■ STORED DATA ■
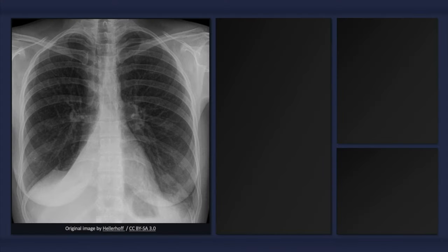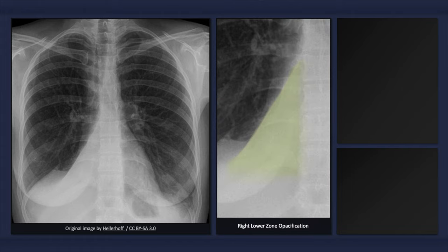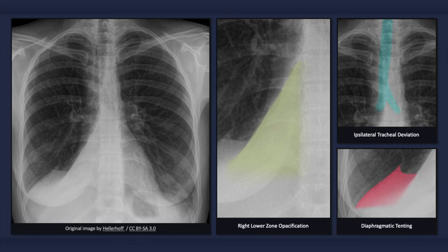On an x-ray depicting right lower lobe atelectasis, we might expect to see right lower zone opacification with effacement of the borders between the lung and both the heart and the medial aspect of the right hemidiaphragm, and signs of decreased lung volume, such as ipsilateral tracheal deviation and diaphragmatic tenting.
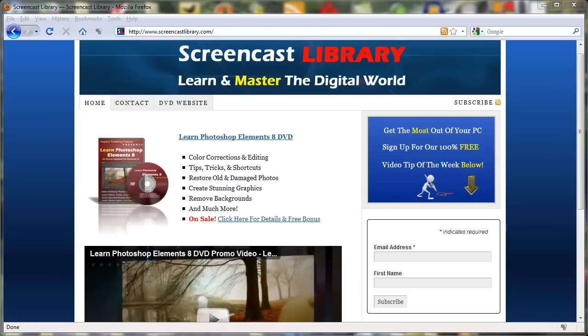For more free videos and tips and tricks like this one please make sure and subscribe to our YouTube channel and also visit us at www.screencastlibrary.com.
==
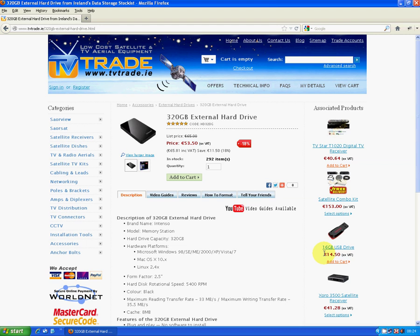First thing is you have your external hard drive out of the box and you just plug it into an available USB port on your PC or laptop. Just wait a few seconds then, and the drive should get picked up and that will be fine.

■ WORK TO BE COMPLETED ■
An exact copy is needed of the stretch above that opens with the line containing "On an x-ray" and closes with the line containing "For more free"; the pictures are not part of it.

■ EXPECTED ANSWER ■
On an x-ray depicting right lower lobe atelectasis, we might expect to see right lower zone opacification with effacement of the borders between the lung and both the heart and the medial aspect of the right hemidiaphragm, and signs of decreased lung volume, such as ipsilateral tracheal deviation and diaphragmatic tenting.
For more free videos and tips and tricks like this one please make sure and subscribe to our YouTube channel and also visit us at www.screencastlibrary.com.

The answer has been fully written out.